WORKING DATA Block Start
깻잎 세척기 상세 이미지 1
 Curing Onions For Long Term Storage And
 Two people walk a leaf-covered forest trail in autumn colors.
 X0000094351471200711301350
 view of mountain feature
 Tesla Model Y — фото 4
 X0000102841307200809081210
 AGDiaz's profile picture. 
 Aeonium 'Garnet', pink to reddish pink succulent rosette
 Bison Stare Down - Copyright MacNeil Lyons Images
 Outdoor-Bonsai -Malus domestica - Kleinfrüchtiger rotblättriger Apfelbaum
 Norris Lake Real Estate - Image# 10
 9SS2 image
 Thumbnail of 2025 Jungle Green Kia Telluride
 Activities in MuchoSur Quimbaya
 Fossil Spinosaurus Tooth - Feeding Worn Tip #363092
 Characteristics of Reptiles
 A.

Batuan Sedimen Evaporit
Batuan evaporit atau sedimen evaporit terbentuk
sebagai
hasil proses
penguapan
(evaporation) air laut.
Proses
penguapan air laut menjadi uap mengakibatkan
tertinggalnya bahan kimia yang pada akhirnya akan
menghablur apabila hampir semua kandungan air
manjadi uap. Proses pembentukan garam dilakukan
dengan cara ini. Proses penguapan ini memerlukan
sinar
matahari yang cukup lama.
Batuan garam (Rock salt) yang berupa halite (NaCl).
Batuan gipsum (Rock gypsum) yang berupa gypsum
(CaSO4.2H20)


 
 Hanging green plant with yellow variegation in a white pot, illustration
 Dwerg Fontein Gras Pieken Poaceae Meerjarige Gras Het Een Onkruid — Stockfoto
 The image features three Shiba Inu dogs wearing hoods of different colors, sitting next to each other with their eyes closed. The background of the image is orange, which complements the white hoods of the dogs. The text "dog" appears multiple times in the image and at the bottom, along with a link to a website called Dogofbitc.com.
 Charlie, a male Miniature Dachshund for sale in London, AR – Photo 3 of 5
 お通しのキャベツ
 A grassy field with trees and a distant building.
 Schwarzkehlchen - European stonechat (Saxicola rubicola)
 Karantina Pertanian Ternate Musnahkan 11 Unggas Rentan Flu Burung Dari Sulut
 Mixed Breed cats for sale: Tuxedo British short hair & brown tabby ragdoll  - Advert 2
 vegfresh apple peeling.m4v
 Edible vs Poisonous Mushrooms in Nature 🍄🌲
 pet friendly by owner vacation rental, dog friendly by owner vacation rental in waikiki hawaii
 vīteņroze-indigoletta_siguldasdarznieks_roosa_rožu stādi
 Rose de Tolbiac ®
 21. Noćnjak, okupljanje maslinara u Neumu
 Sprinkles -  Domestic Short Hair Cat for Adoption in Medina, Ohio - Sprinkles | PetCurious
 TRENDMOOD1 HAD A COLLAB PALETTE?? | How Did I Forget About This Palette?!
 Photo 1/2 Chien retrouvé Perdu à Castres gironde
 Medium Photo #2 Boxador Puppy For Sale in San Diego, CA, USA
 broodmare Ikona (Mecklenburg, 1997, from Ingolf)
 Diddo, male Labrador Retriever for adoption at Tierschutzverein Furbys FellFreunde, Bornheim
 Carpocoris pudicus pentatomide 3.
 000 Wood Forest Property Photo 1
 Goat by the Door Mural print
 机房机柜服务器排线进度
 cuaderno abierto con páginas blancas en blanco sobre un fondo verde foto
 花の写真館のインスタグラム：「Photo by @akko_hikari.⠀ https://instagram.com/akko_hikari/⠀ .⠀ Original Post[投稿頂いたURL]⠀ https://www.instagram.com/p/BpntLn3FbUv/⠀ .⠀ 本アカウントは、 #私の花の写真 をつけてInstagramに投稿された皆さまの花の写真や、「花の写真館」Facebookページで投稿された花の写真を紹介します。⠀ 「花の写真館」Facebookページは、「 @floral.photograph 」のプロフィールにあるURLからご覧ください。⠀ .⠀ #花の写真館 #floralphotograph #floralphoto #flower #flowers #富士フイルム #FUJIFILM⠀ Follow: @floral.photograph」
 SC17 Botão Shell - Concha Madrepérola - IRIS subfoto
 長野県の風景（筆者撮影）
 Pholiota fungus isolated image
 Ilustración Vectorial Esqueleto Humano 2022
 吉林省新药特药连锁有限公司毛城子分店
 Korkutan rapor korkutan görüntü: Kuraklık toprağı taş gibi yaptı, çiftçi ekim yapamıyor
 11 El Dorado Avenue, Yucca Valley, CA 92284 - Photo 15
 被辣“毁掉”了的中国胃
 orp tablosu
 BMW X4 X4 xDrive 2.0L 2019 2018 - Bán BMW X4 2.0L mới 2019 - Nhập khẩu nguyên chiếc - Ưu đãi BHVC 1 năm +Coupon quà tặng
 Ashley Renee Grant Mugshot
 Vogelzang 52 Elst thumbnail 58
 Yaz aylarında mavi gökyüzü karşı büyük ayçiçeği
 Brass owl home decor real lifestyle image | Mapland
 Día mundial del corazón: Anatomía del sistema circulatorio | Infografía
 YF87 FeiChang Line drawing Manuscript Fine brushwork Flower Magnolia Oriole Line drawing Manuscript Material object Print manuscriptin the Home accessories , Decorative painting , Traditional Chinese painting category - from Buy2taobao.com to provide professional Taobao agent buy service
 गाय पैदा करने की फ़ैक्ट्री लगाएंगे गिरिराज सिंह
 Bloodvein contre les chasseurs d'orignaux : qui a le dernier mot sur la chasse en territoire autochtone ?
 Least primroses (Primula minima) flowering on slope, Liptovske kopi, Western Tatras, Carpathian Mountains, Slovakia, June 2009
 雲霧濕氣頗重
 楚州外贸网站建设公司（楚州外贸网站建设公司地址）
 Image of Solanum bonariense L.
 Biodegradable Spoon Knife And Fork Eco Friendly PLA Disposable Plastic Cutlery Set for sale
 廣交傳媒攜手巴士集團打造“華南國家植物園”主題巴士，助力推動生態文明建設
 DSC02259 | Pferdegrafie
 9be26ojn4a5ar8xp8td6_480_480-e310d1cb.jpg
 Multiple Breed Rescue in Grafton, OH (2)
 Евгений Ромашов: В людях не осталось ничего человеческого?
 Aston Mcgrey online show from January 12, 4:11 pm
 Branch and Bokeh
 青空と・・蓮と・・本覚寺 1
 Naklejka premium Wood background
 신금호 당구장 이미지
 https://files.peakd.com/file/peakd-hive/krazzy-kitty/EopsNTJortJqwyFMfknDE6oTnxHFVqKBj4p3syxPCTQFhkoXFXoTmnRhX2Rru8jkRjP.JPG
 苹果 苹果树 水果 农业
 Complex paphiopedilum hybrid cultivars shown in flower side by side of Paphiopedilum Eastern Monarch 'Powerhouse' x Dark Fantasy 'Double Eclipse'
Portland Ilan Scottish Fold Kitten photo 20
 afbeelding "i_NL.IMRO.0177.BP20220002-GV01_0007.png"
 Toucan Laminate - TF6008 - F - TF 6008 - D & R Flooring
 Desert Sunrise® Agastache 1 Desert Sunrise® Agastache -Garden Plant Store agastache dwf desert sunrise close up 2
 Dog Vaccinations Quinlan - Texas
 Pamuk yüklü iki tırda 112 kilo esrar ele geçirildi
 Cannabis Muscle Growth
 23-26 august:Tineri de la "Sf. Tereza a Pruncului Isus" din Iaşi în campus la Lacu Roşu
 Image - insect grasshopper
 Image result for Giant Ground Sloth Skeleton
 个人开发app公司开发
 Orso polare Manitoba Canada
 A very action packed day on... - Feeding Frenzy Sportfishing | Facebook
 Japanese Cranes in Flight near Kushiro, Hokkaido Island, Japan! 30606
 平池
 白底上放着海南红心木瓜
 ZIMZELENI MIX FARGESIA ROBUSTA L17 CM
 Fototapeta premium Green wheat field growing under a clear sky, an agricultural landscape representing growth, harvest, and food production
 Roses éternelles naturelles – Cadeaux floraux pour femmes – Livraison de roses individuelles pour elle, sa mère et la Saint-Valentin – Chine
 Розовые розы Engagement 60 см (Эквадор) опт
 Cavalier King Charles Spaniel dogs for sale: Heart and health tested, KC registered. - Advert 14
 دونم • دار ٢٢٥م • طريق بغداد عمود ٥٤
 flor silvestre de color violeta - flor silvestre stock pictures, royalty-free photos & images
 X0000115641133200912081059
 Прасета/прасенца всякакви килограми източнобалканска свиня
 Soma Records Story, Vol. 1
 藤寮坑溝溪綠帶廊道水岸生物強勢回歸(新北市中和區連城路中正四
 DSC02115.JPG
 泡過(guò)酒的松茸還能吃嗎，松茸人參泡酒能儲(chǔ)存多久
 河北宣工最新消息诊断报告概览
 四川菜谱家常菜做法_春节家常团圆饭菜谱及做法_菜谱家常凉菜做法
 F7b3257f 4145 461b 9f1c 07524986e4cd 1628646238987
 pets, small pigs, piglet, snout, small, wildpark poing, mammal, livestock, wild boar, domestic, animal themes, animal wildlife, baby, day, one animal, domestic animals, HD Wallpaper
WORKING DATA Block End
### EXERCISE:
Look above for the line holding "Dwerg Fontein Gras" and the line holding "Goat by the Door Mural print", then output exactly those two lines and every line between them, nothing more.

### FINAL ANSWER:
 Dwerg Fontein Gras Pieken Poaceae Meerjarige Gras Het Een Onkruid — Stockfoto
 The image features three Shiba Inu dogs wearing hoods of different colors, sitting next to each other with their eyes closed. The background of the image is orange, which complements the white hoods of the dogs. The text "dog" appears multiple times in the image and at the bottom, along with a link to a website called Dogofbitc.com.
 Charlie, a male Miniature Dachshund for sale in London, AR – Photo 3 of 5
 お通しのキャベツ
 A grassy field with trees and a distant building.
 Schwarzkehlchen - European stonechat (Saxicola rubicola)
 Karantina Pertanian Ternate Musnahkan 11 Unggas Rentan Flu Burung Dari Sulut
 Mixed Breed cats for sale: Tuxedo British short hair & brown tabby ragdoll  - Advert 2
 vegfresh apple peeling.m4v
 Edible vs Poisonous Mushrooms in Nature 🍄🌲
 pet friendly by owner vacation rental, dog friendly by owner vacation rental in waikiki hawaii
 vīteņroze-indigoletta_siguldasdarznieks_roosa_rožu stādi
 Rose de Tolbiac ®
 21. Noćnjak, okupljanje maslinara u Neumu
 Sprinkles -  Domestic Short Hair Cat for Adoption in Medina, Ohio - Sprinkles | PetCurious
 TRENDMOOD1 HAD A COLLAB PALETTE?? | How Did I Forget About This Palette?!
 Photo 1/2 Chien retrouvé Perdu à Castres gironde
 Medium Photo #2 Boxador Puppy For Sale in San Diego, CA, USA
 broodmare Ikona (Mecklenburg, 1997, from Ingolf)
 Diddo, male Labrador Retriever for adoption at Tierschutzverein Furbys FellFreunde, Bornheim
 Carpocoris pudicus pentatomide 3.
 000 Wood Forest Property Photo 1
 Goat by the Door Mural print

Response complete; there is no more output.